Work request = Keep every word the same. Repeat the records without their images.
+-------+
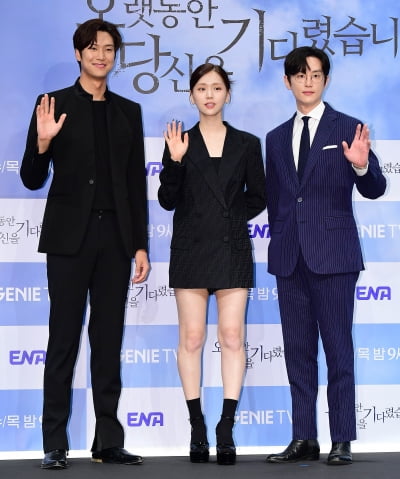 [TEN포토] 나인우-김지은-권율 '우린 삼각관계'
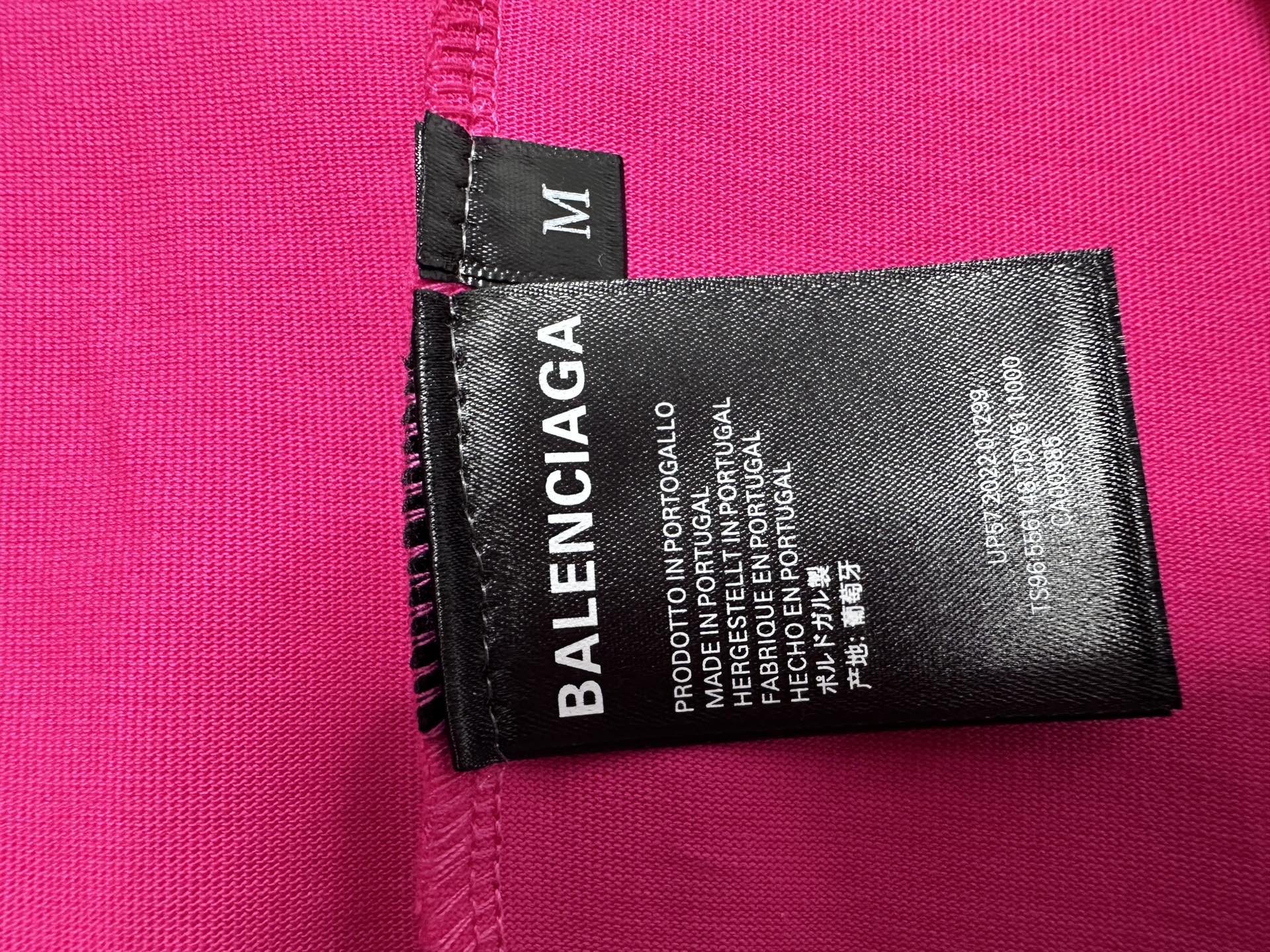 💰85
【BALENCIAG*】巴黎 25ss圆领珍珠双B短袖
⚠️不要机洗 
面料采用16支单精梳紧密纺纱做洗后280克加密平纹布 做无尘烧毛加面部轻食毛工艺  先扫描在人工对板一点点贴珠珠 精修细节而成 经反复修改才能对板一致  人工对板磨破加柔洗水穿后不变形 男女同款
尺码：S-XL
+-------+
Answer section =
 [TEN포토] 나인우-김지은-권율 '우린 삼각관계'
 💰85
【BALENCIAG*】巴黎 25ss圆领珍珠双B短袖
⚠️不要机洗 
面料采用16支单精梳紧密纺纱做洗后280克加密平纹布 做无尘烧毛加面部轻食毛工艺  先扫描在人工对板一点点贴珠珠 精修细节而成 经反复修改才能对板一致  人工对板磨破加柔洗水穿后不变形 男女同款
尺码：S-XL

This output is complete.